_WHAT TO PRODUCE_
Return nothing but the lines from the one with "Служба содействия трудоустройства." through the one with "J.KANJI Women Bandhani" in the data below, word for word and without pictures.

_SOURCE DATA_
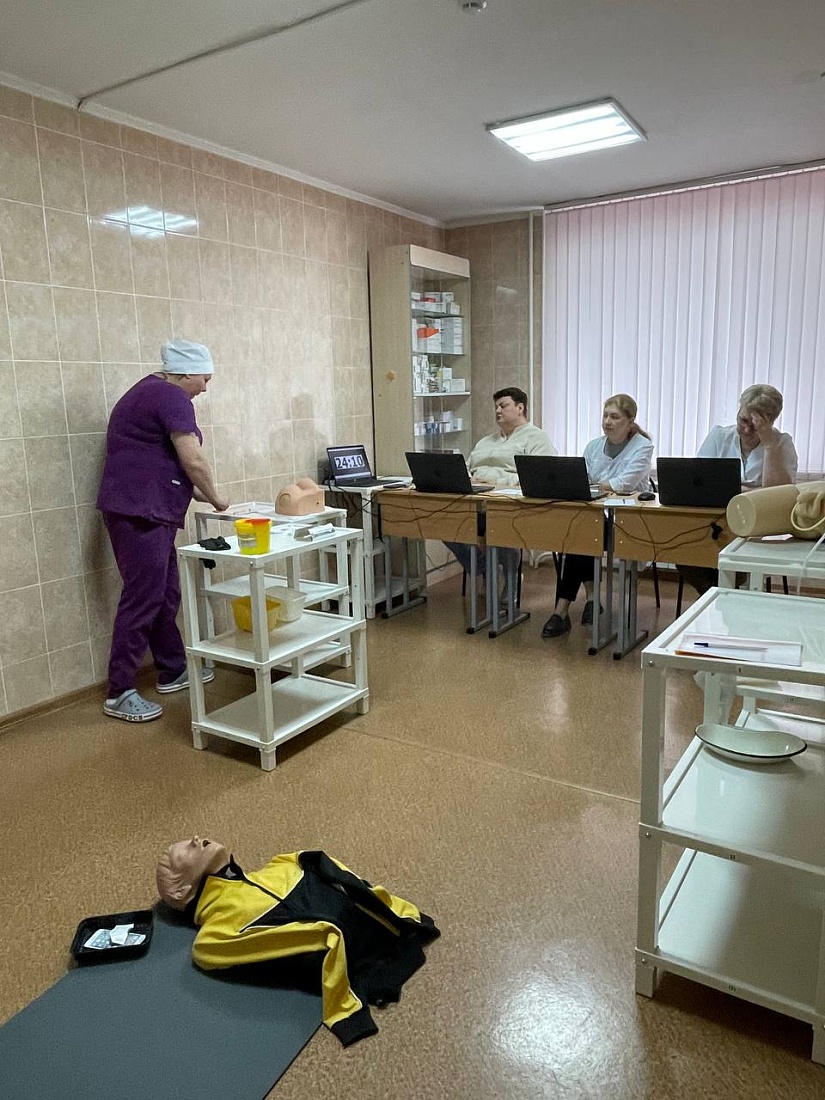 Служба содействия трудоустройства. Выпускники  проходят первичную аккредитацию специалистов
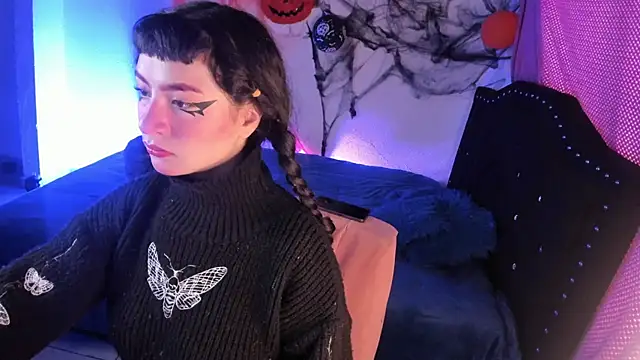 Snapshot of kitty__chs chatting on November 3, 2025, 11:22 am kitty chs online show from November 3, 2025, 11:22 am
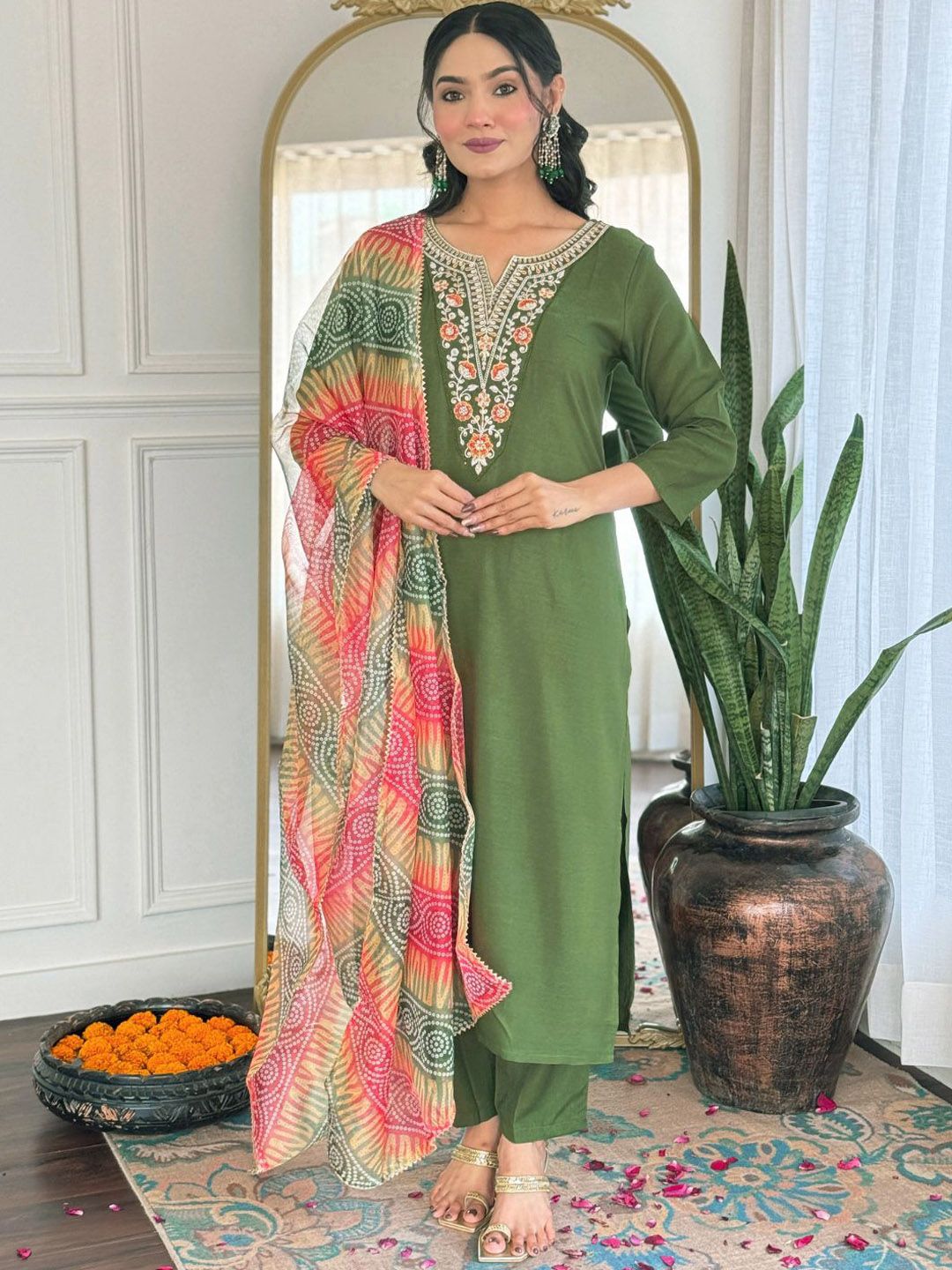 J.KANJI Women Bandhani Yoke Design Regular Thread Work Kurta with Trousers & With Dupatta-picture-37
* * *
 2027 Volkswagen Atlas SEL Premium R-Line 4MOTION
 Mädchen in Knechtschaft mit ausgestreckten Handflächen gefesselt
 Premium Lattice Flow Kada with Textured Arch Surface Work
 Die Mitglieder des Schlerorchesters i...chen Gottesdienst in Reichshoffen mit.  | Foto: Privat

_ANSWER SPACE_
 Служба содействия трудоустройства. Выпускники  проходят первичную аккредитацию специалистов
 Snapshot of kitty__chs chatting on November 3, 2025, 11:22 am kitty chs online show from November 3, 2025, 11:22 am
 J.KANJI Women Bandhani Yoke Design Regular Thread Work Kurta with Trousers & With Dupatta-picture-37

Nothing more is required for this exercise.